Based on the method for rapidly adding UMI into the first primer to the fifth primer and the complete library preparation technology, the process comprises the following steps: 1. the template nucleic acid is extended using a first primer to obtain a complementary strand, and the UMI tag is introduced. 2. Adding a second primer to fully extend the complementary strand in step 1. 3. Deoxyuracil was digested using the UDG/UNG enzyme, and the first primer was digested. 4. Adding a third primer to perform amplification and enrichment on the product obtained in the step 2; and purifying the amplification product to remove system, redundant primers and genome pollution. 5. And (4) carrying out library construction amplification by using a fourth primer and a fifth primer, and adding a Barcode and a sequencing joint to complete library construction.
Specifically, the technical process is described in detail as follows:
the first step is as follows: introduction of UMI tag, template complementary strand extension:
the template nucleic acid, e.g.DNA/cDNA, containing the target region is taken in a total amount of 1-100ng, preferably genomic DNA as template, preferably in an amount of 100 ng.
Preparing an extension system: commercially available PCR amplification kits or self-developed PCR amplification kits can be used, the major components of which can include but are not limited to: DNA polymerase, Mg ions, dNTPs and a buffer system.
If the experiment is designed as a multiplex PCR reaction, it is preferred to select a commercially available or self-developed multiplex PCR amplification kit.
Adding a first primer into a prepared extension system, wherein the working concentration of the first primer can be 50-500 mM; preferably, the working concentration is set at 200mM, i.e., the concentration of each primer is 200 mM.
Adding prepared template DNA/cDNA into prepared extending system, mixing fully and extending reaction of complementary chain of template. The reaction program parameters should be set with reference to the PCR amplification kit instructions.
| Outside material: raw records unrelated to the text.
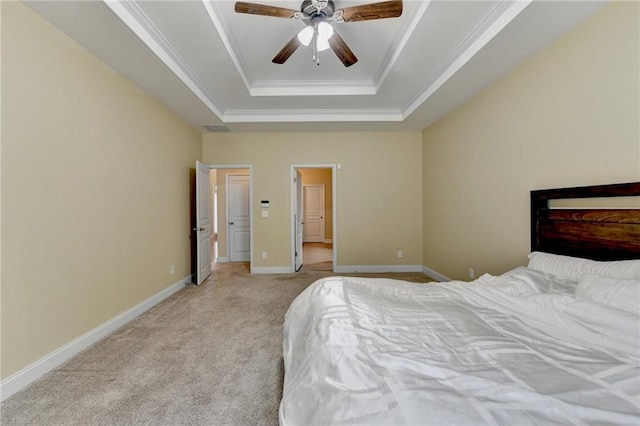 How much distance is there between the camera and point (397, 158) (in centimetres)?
453

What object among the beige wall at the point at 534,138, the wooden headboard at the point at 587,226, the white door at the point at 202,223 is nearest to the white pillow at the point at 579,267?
the wooden headboard at the point at 587,226

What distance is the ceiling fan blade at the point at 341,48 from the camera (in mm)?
2156

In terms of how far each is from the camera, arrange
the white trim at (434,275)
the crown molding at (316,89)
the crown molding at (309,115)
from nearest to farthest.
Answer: the crown molding at (316,89)
the white trim at (434,275)
the crown molding at (309,115)

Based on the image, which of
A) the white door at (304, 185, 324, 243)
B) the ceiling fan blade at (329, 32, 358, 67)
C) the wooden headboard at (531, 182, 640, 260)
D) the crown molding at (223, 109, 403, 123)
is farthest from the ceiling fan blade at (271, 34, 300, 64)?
the white door at (304, 185, 324, 243)

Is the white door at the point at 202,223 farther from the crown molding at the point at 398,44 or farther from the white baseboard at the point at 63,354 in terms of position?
the crown molding at the point at 398,44

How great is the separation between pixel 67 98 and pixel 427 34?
3134 millimetres

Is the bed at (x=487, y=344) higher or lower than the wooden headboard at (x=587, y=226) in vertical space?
lower

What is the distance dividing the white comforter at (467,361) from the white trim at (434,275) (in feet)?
7.60

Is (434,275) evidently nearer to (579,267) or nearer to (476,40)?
(579,267)

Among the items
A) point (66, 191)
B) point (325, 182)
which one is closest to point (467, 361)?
point (66, 191)

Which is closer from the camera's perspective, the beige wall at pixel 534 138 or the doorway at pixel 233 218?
the beige wall at pixel 534 138

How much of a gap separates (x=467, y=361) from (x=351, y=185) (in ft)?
12.3

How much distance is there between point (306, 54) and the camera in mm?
2754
It should be noted that the extension time of the reaction needs to be adjusted to be greater than "target region length/extension speed", even if the target region can be fully and completely extended; the number of PCR cycles was not set or the number of cycles was set to 1, that is, the extension was performed once, and the deformation, annealing and extension were not repeated.
After the reaction is completed, the obtained product strand is the template complementary strand to which the UMI has been added.
The second step: complementary extension of template complementary strand
Adding a second primer into a reaction product in the first step, wherein the working concentration of the second primer can be 50-500 mM; preferably, the working concentration is 200mM, i.e., the concentration of each primer is 200 mM.
After mixing well, the mixture was put into a PCR program, which was identical to the first step.
After the reaction is completed, the obtained product chain is the library fragment added with the UMI, and the sequence of the product chain is consistent with the target fragment on the template.
The third step: digestion of deoxyuracils using the UDG/UNG enzyme
The thermosensitive UDG/UNG enzyme is prepared, and may be a commercially available or self-made enzyme.
And taking out the reaction product in the second step, adding the prepared thermosensitive UDG/UNG enzyme, wherein the adding amount of the enzyme is adjusted according to the enzyme activity and the digestion efficiency, and generally, when the enzyme activity is more than 1U/mu L, adding 1 mu L. After fully and uniformly mixing, digesting all the sequences containing deoxyuracil in the system according to the optimal reaction temperature and conditions of the enzyme.
The purpose of this step is to extend the sequence for the first primer that is left in the digestion system and the first primer that is involved in the first step reaction. Finally, the product obtained contains only the initially added DNA template and the second step yielding an extended product strand with a unique UMI tag.
The fourth step: enrichment by specific amplification
Adding a third primer to the product of the third step of mixing, wherein the working concentration of the third primer can be 50-500 mM; preferably, the working concentration is 200 mM.
After the mixture was sufficiently mixed, a template complementary strand extension reaction was performed. The reaction program parameters should be set with reference to the PCR amplification kit instructions. The number of PCR cycles can be set individually according to project requirements and kit performance, and is preferably more than 5 cycles.
After the amplification is completed, all the products are taken out and subjected to nucleic acid purification. Obtaining a purified product with high purity and no impurities, and carrying out the next step of library construction and amplification. The purification method may be, but is not limited to, a magnetic bead method, a column chromatography method, or a gel method.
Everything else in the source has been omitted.